● **PROBLEM REQUIREMENTS**:
Print out each entry without alteration, and keep the pictures out.

● **AVAILABLE DATA**:
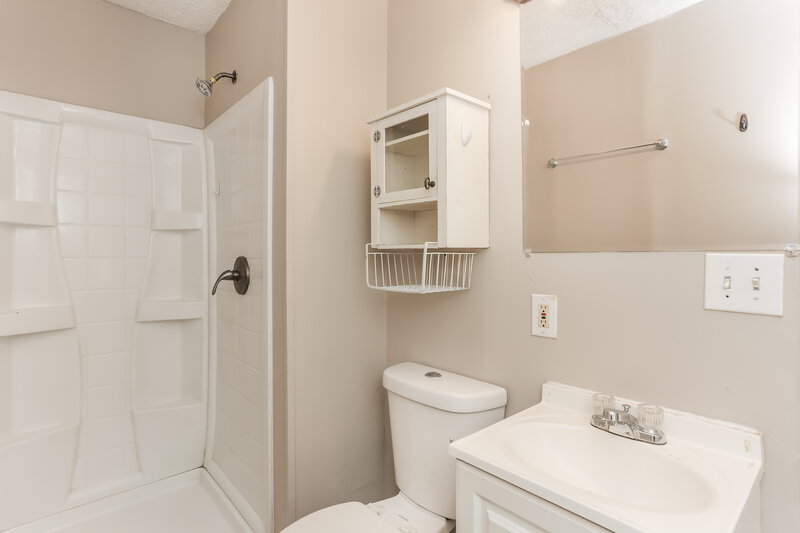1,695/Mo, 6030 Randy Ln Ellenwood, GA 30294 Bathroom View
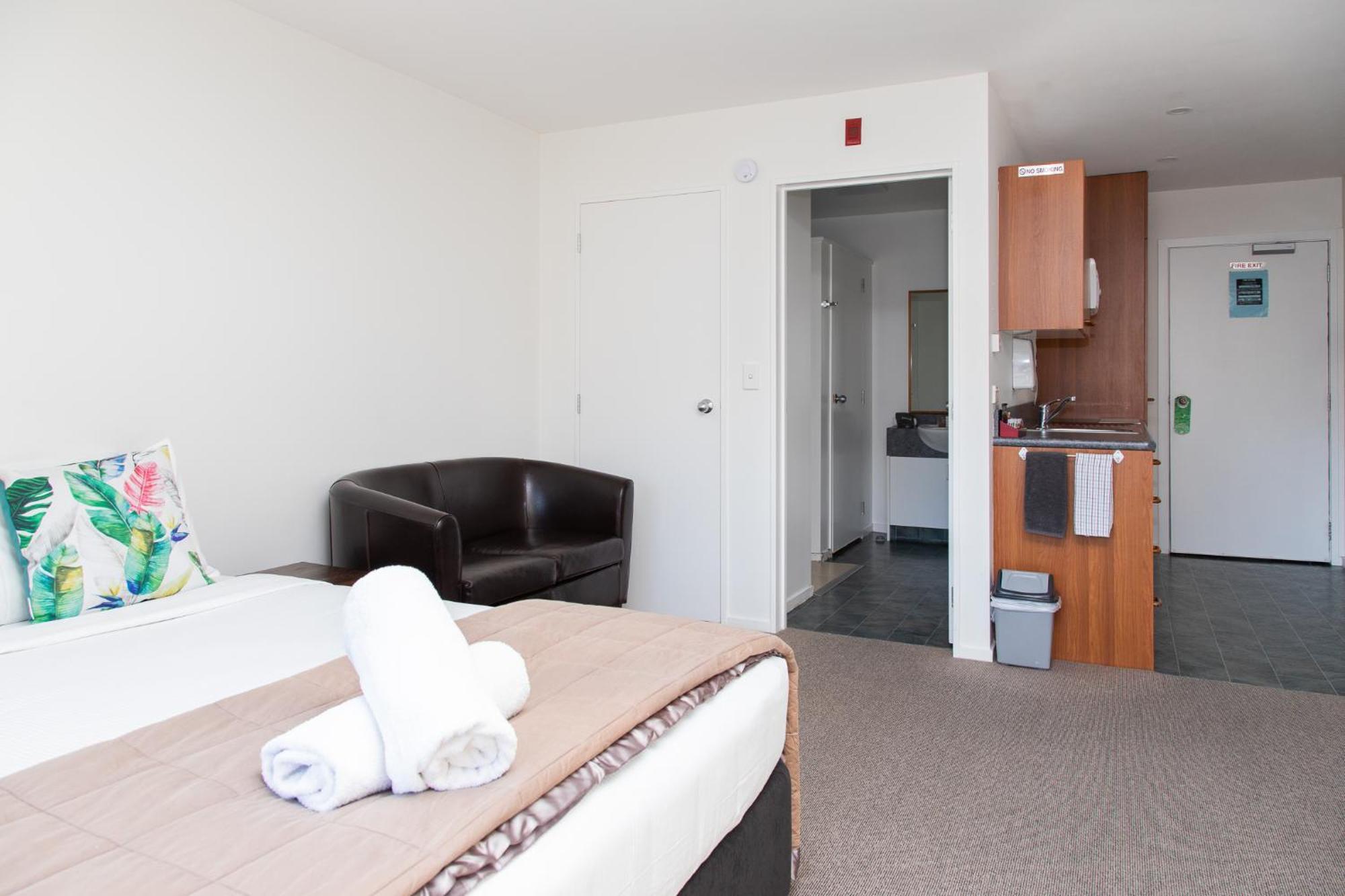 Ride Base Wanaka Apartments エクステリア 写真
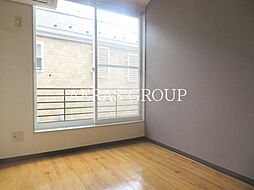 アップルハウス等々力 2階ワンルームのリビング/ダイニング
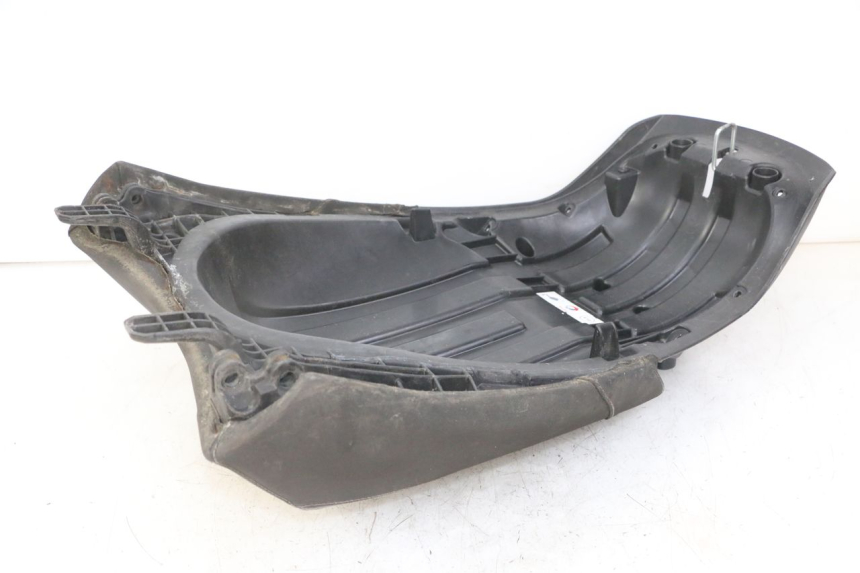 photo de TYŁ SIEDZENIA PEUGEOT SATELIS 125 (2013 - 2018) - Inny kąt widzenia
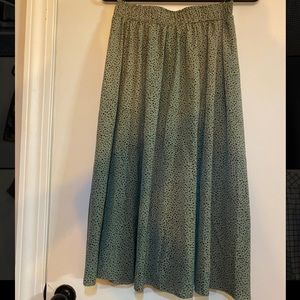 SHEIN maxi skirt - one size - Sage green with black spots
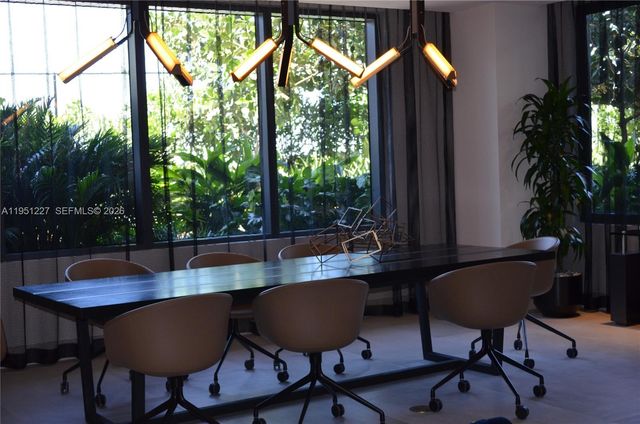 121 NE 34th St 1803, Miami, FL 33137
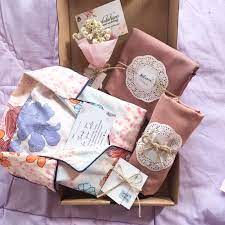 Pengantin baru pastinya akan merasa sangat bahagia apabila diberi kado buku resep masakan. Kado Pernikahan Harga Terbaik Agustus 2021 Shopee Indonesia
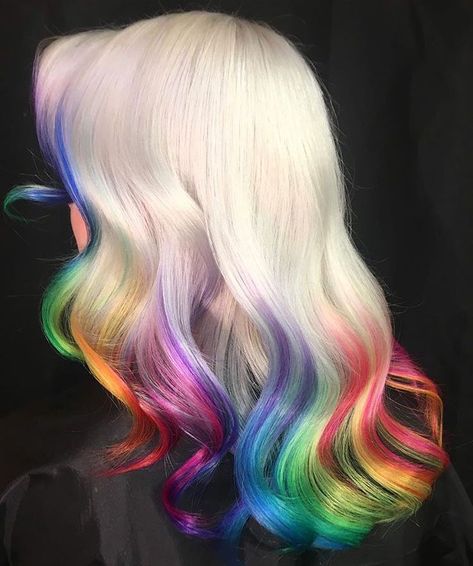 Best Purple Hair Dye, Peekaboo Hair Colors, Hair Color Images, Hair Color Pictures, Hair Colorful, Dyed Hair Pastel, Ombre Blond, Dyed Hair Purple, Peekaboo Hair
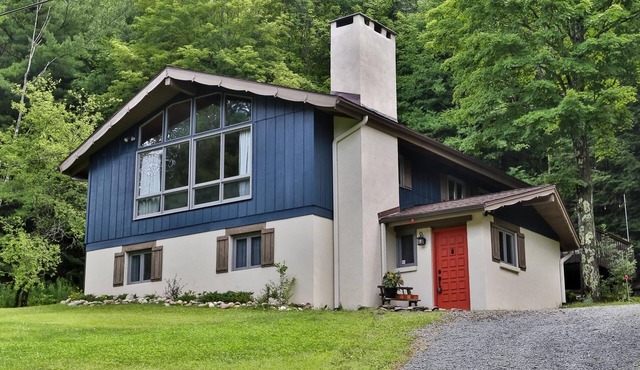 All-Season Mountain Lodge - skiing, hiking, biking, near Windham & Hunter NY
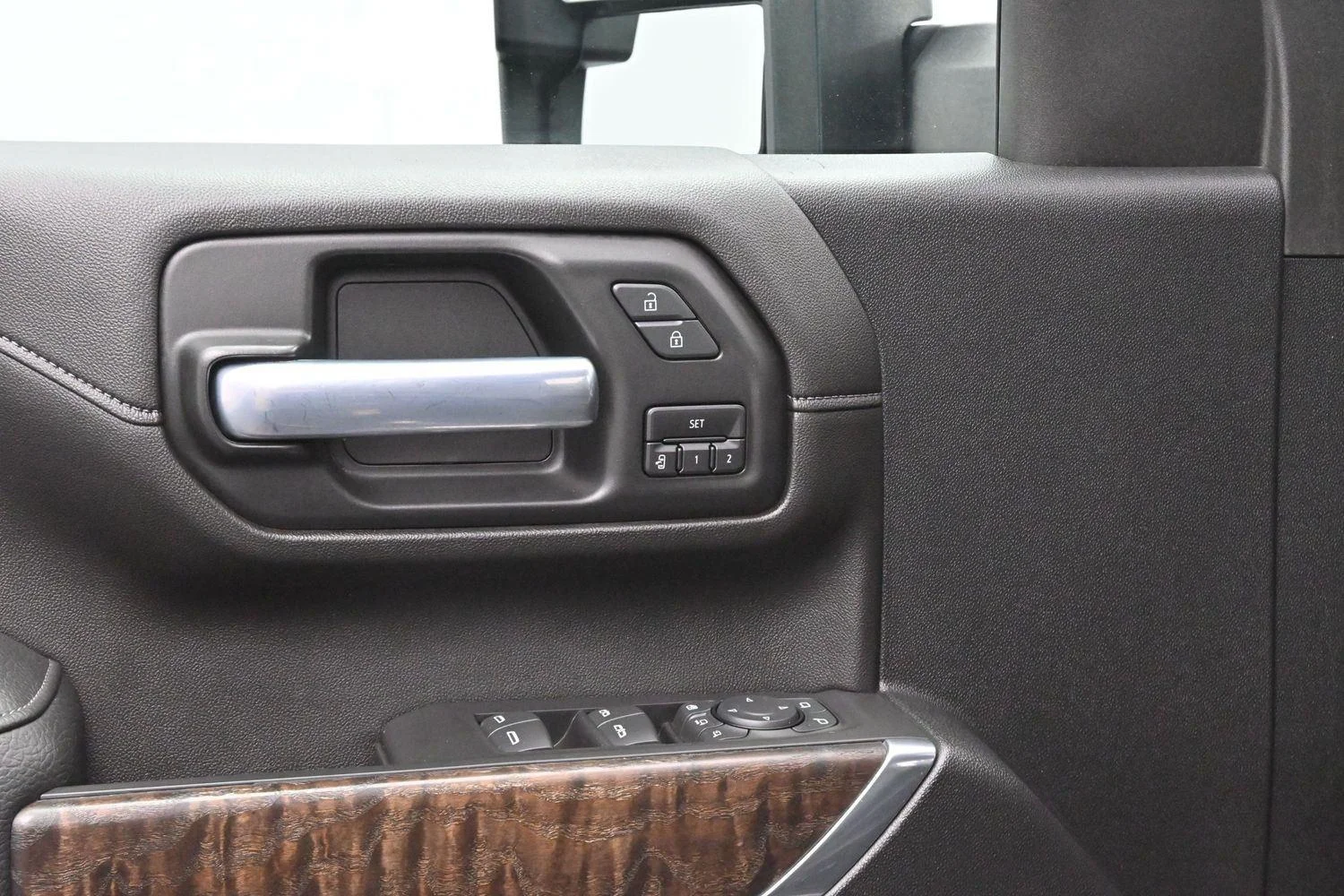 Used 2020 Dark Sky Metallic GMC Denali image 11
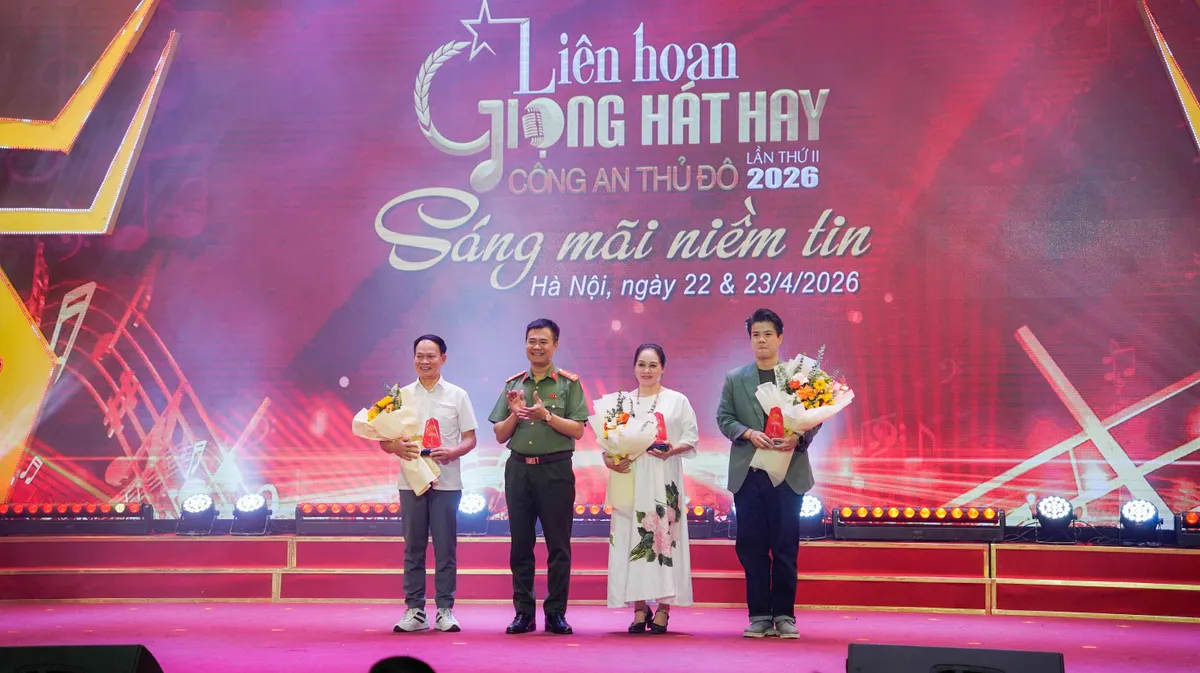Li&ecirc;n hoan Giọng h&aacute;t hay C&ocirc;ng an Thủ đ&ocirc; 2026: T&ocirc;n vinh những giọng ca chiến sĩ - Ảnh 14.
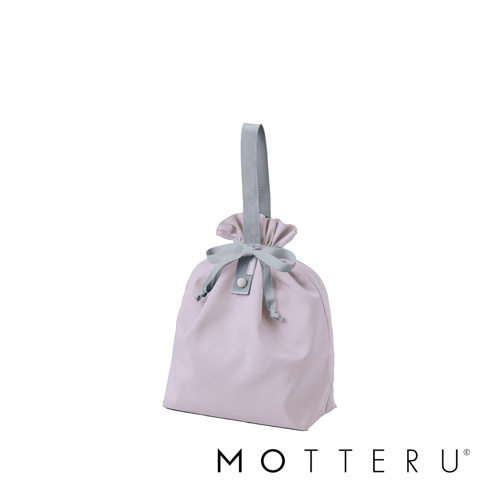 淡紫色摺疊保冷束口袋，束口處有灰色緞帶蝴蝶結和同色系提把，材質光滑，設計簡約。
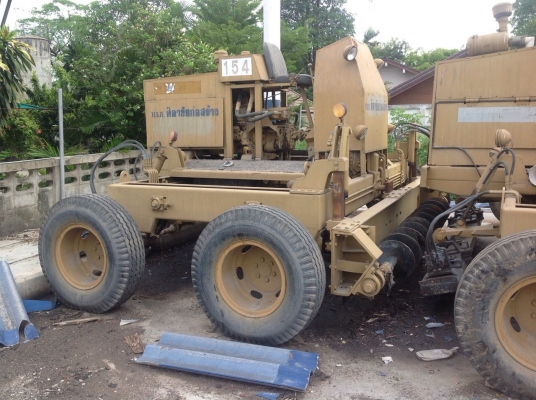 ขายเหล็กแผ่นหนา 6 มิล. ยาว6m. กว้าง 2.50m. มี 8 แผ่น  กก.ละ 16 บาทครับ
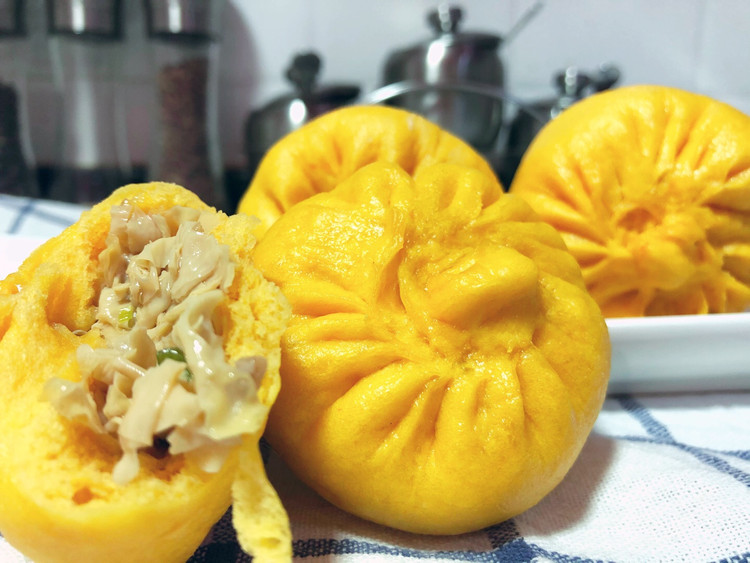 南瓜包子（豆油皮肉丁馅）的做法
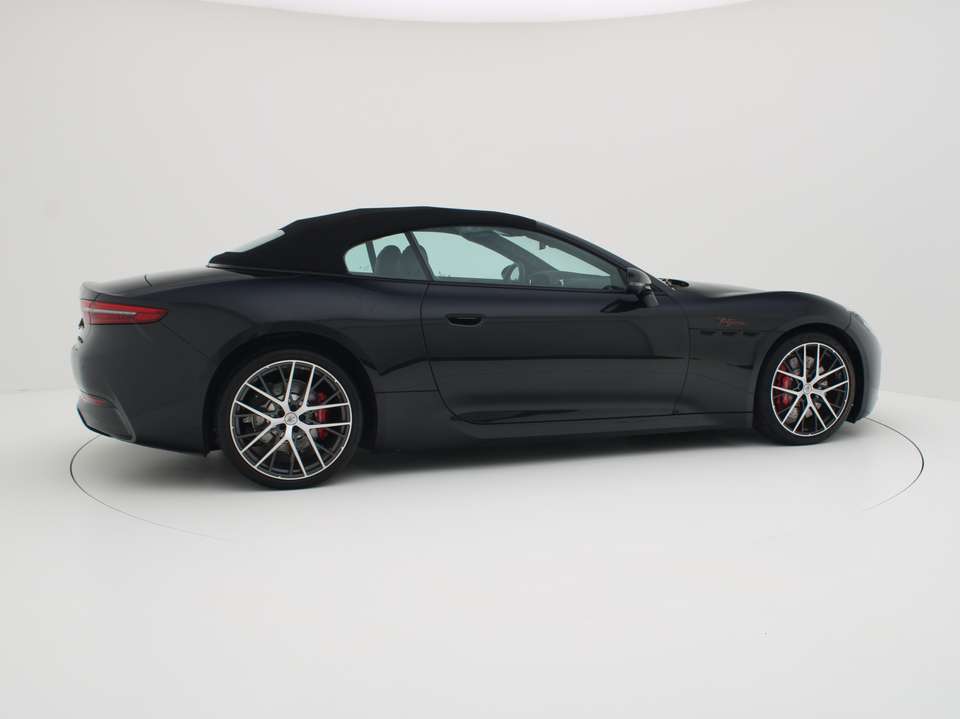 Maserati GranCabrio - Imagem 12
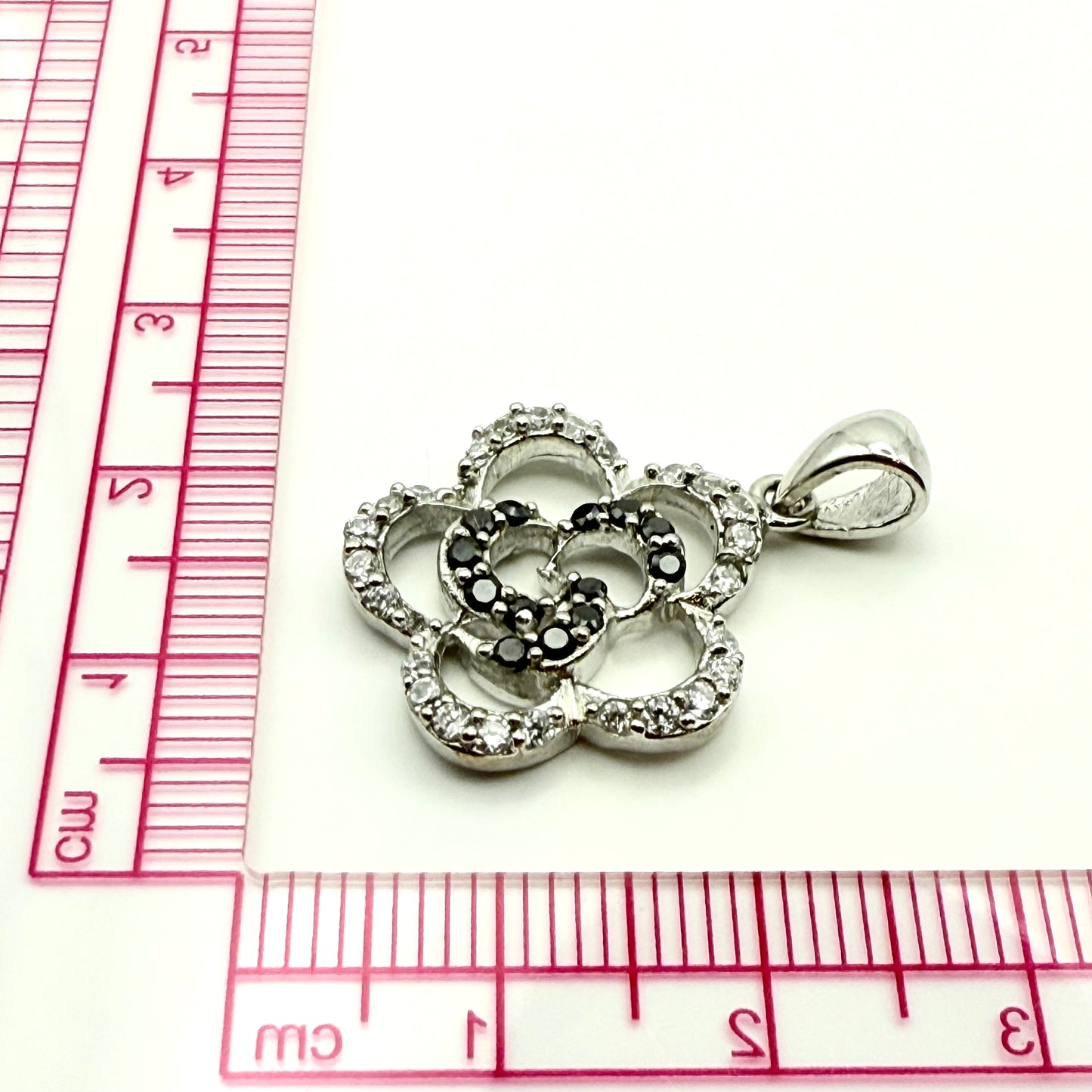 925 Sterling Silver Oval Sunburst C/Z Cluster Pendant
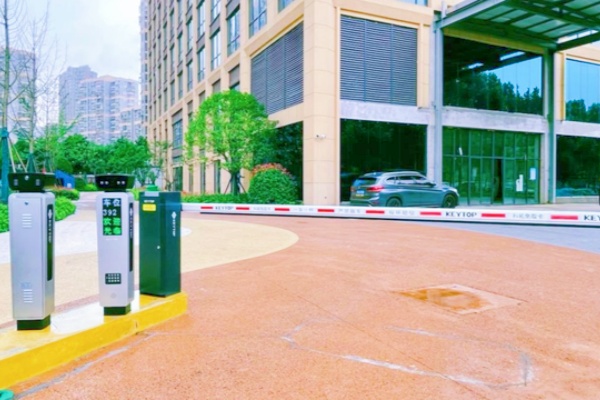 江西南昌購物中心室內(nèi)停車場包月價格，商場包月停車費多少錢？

● **REPLY**:
1,695/Mo, 6030 Randy Ln Ellenwood, GA 30294 Bathroom View
 Ride Base Wanaka Apartments エクステリア 写真
 アップルハウス等々力 2階ワンルームのリビング/ダイニング
 photo de TYŁ SIEDZENIA PEUGEOT SATELIS 125 (2013 - 2018) - Inny kąt widzenia
 SHEIN maxi skirt - one size - Sage green with black spots
 121 NE 34th St 1803, Miami, FL 33137
 Pengantin baru pastinya akan merasa sangat bahagia apabila diberi kado buku resep masakan. Kado Pernikahan Harga Terbaik Agustus 2021 Shopee Indonesia
 Best Purple Hair Dye, Peekaboo Hair Colors, Hair Color Images, Hair Color Pictures, Hair Colorful, Dyed Hair Pastel, Ombre Blond, Dyed Hair Purple, Peekaboo Hair
 All-Season Mountain Lodge - skiing, hiking, biking, near Windham & Hunter NY
 Used 2020 Dark Sky Metallic GMC Denali image 11
Li&ecirc;n hoan Giọng h&aacute;t hay C&ocirc;ng an Thủ đ&ocirc; 2026: T&ocirc;n vinh những giọng ca chiến sĩ - Ảnh 14.
 淡紫色摺疊保冷束口袋，束口處有灰色緞帶蝴蝶結和同色系提把，材質光滑，設計簡約。
 ขายเหล็กแผ่นหนา 6 มิล. ยาว6m. กว้าง 2.50m. มี 8 แผ่น  กก.ละ 16 บาทครับ
 南瓜包子（豆油皮肉丁馅）的做法
 Maserati GranCabrio - Imagem 12
 925 Sterling Silver Oval Sunburst C/Z Cluster Pendant
 江西南昌購物中心室內(nèi)停車場包月價格，商場包月停車費多少錢？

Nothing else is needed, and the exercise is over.